Diyebiliriz ki bugün devrimcilerin sayısal miktarı ile niteliği (ürettiği iş, ortaya koyduğu değer) arasındaki farkın bu denli büyük olmasının nedeni, kimilerinin “olmadığı şeyi taşıyor”, hala onunla anılıyor olmasıdır.
İnsanın kendini bir inanç ve değerler sisteminin içinde tanımlaması, insanlığın kolektif ilk adımlarına dek uzanır. Ne var ki bu bazen; çevre, an, konjonktür, vb. nedenlerle, yoğun bir öznellik halinde “inanılmayanı savunup yaşamak” biçiminde gerçekleşir. Böyle bir ikili ruh halinin uzun sürmesi, kişinin adeta ruhsal stokunu tüketir. Ve ortaya her türlü inanç ve değere sırtını dönmüş, bütünüyle pragmatizmle hareket eden bir kişilik çıkar. İşte bu kişilik parçalanması, bugün artık tek tek bireyleri aşmış ve kimi örgütlenmelerde yapısal bir niteliğe dönüşmüştür. Öznellik, aracı da amacı da belirler hale gelmiştir.

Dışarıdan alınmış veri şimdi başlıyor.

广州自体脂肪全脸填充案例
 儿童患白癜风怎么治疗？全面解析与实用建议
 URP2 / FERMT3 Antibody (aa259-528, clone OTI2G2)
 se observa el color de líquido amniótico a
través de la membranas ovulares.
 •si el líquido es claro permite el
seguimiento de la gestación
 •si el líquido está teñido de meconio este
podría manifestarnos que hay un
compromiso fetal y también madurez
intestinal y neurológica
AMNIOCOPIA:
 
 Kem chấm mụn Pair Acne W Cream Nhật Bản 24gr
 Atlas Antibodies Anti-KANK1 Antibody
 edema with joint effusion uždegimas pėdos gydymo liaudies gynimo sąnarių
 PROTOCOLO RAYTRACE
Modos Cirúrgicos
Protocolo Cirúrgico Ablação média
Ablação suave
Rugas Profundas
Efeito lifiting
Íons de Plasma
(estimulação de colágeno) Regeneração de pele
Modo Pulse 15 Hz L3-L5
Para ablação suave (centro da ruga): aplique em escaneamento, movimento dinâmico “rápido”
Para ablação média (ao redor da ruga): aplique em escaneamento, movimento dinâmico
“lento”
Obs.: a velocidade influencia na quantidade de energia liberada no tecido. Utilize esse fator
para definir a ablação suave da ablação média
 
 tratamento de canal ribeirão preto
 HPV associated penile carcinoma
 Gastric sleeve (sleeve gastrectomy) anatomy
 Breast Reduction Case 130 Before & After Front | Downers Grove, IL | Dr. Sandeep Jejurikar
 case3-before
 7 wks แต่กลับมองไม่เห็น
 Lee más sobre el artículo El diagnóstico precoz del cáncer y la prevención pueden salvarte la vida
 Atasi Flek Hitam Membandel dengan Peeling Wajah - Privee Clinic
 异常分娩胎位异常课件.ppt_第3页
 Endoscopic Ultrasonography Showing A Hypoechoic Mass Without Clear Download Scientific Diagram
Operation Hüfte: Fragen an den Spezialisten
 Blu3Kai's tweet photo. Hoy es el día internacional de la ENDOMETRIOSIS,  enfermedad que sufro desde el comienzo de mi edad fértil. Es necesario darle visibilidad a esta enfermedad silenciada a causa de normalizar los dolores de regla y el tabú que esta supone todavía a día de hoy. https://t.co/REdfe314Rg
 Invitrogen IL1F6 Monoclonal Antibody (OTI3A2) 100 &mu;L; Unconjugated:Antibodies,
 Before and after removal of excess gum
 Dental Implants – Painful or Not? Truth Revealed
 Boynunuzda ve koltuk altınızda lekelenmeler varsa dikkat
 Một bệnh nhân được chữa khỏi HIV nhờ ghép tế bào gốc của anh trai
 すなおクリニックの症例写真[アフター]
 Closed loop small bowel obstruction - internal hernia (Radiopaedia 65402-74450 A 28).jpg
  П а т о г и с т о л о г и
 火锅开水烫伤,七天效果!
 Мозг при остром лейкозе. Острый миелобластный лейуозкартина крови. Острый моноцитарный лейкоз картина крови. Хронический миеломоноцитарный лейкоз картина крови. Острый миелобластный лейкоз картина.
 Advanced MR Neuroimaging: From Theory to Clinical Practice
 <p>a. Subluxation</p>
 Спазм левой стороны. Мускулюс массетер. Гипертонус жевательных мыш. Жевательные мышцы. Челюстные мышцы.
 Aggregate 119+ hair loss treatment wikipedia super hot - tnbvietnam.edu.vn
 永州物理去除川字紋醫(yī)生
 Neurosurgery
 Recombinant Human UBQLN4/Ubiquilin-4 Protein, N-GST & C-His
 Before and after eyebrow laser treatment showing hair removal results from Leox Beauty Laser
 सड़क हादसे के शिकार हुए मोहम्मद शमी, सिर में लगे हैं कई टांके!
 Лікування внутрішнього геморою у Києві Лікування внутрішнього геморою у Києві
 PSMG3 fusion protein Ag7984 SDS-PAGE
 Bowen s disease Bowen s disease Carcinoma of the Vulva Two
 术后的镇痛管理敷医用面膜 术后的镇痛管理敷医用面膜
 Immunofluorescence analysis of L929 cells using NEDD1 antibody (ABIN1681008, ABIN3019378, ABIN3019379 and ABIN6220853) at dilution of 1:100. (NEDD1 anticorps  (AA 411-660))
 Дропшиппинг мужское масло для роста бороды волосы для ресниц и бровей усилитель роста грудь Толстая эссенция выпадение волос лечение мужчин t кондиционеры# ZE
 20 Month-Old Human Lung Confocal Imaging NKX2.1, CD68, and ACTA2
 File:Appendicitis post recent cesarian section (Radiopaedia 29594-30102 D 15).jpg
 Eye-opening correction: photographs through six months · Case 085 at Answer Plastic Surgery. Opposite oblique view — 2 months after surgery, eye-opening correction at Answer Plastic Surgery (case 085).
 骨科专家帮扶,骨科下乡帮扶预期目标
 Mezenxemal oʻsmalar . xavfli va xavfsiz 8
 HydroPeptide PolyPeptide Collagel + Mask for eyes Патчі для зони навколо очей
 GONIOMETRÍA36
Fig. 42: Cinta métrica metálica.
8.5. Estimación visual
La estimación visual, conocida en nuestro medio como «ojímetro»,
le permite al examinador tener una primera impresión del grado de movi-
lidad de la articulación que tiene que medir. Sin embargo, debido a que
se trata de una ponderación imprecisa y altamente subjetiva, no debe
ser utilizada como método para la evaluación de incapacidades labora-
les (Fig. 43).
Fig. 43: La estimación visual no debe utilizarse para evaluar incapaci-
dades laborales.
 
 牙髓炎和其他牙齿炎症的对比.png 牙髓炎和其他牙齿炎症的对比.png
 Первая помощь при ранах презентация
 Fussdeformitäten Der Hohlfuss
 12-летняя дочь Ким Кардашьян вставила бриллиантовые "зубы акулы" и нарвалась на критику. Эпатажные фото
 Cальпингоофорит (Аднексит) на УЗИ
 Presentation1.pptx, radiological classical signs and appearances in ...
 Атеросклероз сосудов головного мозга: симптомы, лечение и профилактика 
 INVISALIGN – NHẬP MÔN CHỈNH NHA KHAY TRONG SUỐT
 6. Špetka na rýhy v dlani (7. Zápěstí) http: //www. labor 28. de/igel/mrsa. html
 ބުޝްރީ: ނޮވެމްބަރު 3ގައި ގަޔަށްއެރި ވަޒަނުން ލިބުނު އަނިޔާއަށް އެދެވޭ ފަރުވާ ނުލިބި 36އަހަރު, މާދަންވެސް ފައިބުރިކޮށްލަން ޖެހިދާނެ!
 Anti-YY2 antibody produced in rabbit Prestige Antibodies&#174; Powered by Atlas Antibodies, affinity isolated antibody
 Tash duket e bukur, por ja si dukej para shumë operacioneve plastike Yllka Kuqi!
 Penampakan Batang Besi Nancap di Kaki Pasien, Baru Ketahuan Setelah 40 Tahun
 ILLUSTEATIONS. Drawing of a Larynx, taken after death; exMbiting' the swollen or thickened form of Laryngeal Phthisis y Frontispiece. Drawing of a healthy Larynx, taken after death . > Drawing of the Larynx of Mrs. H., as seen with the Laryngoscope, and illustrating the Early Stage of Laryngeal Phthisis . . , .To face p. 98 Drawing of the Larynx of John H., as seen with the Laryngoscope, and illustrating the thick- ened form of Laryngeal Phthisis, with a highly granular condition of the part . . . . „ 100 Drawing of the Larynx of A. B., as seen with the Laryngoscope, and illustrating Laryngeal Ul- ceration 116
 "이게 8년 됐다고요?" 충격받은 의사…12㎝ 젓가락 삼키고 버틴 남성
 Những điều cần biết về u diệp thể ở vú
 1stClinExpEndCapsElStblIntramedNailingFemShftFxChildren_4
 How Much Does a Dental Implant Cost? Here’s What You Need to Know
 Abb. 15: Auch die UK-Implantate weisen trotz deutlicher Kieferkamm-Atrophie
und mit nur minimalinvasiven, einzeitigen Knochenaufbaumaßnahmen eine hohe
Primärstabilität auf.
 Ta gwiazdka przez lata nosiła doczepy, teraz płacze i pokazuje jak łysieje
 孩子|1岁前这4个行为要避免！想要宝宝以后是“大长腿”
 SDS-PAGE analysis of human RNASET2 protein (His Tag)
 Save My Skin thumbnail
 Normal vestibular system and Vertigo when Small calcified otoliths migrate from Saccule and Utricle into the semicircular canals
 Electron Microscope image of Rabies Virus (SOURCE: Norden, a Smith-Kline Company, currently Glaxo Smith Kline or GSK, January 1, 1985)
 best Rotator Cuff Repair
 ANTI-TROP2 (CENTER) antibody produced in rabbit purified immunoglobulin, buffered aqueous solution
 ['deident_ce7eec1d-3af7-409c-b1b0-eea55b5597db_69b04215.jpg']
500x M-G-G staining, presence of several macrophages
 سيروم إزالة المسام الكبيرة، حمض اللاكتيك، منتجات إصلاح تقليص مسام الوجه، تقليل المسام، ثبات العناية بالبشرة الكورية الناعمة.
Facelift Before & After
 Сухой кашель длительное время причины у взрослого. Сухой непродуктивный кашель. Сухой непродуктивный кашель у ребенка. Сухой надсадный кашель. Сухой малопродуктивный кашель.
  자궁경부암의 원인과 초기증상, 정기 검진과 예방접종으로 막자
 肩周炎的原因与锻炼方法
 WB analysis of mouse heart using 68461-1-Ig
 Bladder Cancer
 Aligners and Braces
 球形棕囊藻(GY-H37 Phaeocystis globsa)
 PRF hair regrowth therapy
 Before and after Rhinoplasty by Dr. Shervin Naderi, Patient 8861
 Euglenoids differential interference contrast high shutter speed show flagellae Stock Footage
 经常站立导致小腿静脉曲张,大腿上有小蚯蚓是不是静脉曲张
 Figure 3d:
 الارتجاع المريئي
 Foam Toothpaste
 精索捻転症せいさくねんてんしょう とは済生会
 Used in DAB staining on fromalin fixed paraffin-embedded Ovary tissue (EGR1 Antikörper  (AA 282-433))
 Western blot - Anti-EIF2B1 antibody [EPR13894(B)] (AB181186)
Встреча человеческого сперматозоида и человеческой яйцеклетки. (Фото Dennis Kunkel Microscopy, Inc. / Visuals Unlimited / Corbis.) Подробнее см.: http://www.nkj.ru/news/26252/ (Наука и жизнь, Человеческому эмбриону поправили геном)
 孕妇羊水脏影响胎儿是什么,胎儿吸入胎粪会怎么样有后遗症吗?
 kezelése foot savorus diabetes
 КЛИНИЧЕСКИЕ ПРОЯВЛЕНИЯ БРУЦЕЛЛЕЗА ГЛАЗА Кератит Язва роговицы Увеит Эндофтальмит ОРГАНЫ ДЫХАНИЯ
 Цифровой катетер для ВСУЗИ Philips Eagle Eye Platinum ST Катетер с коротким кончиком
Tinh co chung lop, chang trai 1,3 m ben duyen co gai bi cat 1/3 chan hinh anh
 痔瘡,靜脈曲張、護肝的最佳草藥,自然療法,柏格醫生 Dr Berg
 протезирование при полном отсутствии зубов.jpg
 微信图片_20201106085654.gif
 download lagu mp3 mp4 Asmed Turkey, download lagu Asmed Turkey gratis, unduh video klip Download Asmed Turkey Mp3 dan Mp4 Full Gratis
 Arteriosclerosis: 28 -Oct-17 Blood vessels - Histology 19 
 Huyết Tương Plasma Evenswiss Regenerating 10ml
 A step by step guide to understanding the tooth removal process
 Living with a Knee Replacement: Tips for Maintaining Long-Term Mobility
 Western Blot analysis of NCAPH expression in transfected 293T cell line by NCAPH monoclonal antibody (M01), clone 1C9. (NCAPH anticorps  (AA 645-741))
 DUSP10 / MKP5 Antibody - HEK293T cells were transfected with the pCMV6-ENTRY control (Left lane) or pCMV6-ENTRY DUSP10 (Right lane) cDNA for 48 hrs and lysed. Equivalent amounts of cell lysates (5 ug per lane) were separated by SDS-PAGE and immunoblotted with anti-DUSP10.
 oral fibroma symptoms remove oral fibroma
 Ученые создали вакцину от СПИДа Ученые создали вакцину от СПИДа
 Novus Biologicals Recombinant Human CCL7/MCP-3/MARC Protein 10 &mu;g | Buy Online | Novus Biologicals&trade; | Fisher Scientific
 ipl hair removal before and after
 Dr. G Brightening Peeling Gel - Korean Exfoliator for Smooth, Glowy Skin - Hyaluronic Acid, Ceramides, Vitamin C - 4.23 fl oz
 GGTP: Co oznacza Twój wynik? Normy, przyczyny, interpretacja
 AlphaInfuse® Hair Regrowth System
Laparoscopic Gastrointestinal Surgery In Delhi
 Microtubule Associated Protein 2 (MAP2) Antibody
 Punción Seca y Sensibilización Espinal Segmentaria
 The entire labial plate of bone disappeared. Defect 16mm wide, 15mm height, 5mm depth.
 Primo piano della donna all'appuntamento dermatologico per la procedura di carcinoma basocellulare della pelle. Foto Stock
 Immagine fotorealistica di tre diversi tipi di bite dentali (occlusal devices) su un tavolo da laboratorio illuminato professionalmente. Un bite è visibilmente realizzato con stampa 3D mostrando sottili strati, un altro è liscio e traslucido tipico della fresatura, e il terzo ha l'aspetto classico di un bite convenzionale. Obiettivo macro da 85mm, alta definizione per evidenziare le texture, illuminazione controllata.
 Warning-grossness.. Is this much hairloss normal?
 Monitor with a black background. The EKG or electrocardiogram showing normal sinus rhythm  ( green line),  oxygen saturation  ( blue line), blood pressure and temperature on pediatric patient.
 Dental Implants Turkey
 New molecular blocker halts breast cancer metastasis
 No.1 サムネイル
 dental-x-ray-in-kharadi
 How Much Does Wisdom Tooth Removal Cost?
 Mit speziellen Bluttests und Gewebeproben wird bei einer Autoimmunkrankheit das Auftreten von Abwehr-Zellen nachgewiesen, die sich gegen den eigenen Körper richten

Dünyada ve ülkede yaşanan öyle gelişmeler var ki, doğru okunamadığında, yedeklenme anlık olmaktan çıkıp, yapısal bir nitelik halini alır. Sistemin kendi ihtiyacı olan adımlar, “demokratikleşme” veya “zafer kazanma” olarak tanımlanırken, sürecin içerdiği çelişmeler de çözüm yöntemleri de ıskalanmış olur.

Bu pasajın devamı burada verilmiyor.